Double-keying

Computers can do anything or almost anything. They can even read books with the help of Optical Character Recognition (OCR). Images from printed pages are converted into searchable and editable digital text. OCR has become better, that is: more accurate, over the years. Text collections like Google Books (over 25 million book titles), Project Gutenberg (57.000 free eBooks) and Delpher (in the Netherlands) are growing rapidly and have definitely contributed to the dessimination of our cultural heritage.

Computers are not only able to read printed texts, but also handwriting, often with a little human help. Software like Monk, Transkribus or DigiPal was developed to automate the reading of written texts from the middle ages until today. Monk even claims to process Chinese manuscripts and hieroglyphs.

Human help is often organized in crowdsourcing projects. The word ‘crowdsourcing’ originated in 2005, as a joining of ‘outsourcing’ and ‘crowd’, because businesses were beginning to use digital platforms to outsource work to individuals. This was very rapidly picked up by the cultural and heritage sector, sometimes denoted as GLAM (galleries, libraries, archives and museums), who already for a long time made use of the help of volunteers.

In the middle ages and the early modern period we sometimes find the word ‘coll.’ written in the margin of a text, as an abbreviation of the Latin ‘collatio’, meaning ‘comparison’. Especially official documents like testaments or accounts were copied by two different people and in the end compared with each other and the original text.

A modern way of coping with the computer aided transcription of difficult handwrited texts is called ‘double-keying’, which could be conceived as a modern form of ‘collatio’. Two different operators provide two independent transcriptions of a text and the two versions of the text are compared in order to detect transcription errors.
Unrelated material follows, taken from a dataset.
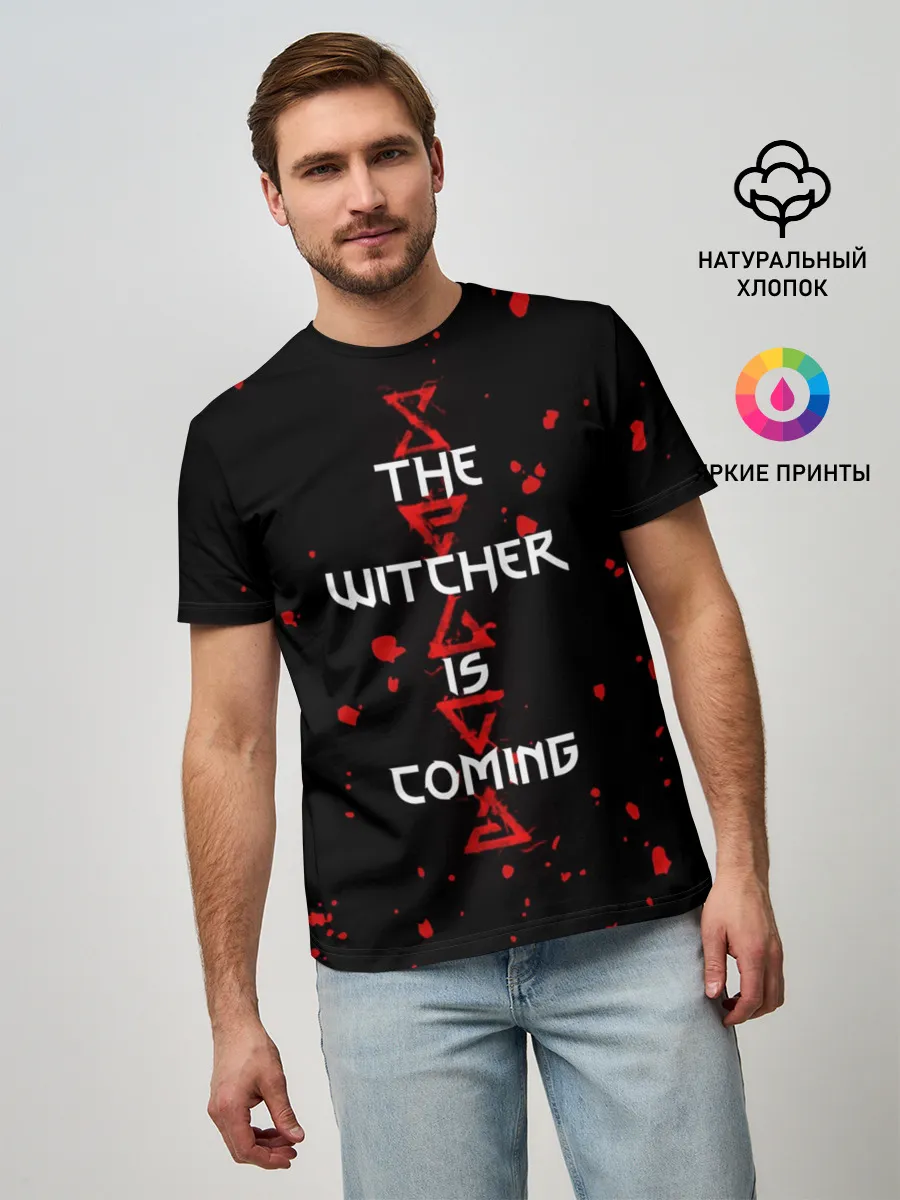 Мужская базовая футболка / The Witcher Is Coming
This method usually results in very high accuracy rates. In addition the text can be enriched with structural annotations creating ‘smart data’.

The combination of crowdsourcing and double-keying provides a relatively fast and secure way to digitize difficult archival texts. The automated transcription with the help of OCR will also improve in the near future, but names of persons and places will always be very difficult to read for a machine. Maybe that should be left to paleography experts, at least for the moment.

References

Google Books: https://books.google.nl/

Delpher: https://www.delpher.nl/

Project Gutenberg: https://www.gutenberg.org/

Transkribus: https://transkribus.eu/Transkribus/

Digipal: http://www.digipal.eu/

Monk: http://www.ai.rug.nl/~lambert/Monk-collections-english.html

Haaf, Susanne, Frank Wiegand, en Alexander Geyken. “Measuring the correctness of double-keying. error classification and quality control in a large corpus of tei-annotated historical text”. Journal of the Text Encoding Initiative, 2013. https://journals.openedition.org/jtei/739#tocto1n10.

Schöch, Christof. “Big? Smart? Clean? Messy? Data in the Humanities”. Journal of Digital Humanities 2, nr. 3 (2013). http://journalofdigitalhumanities.org/2-3/big-smart-clean-messy-data-in-the-humanities/.

Schöch, Christof. “Digitale Wissensproduktion”. In Digital Humanities. Eine Einführung, 206–12, 2017.

Terras, Melissa. “Crowdsourcing in the digital humanities”. In A new companion to digital humanities, 420–38, 2016.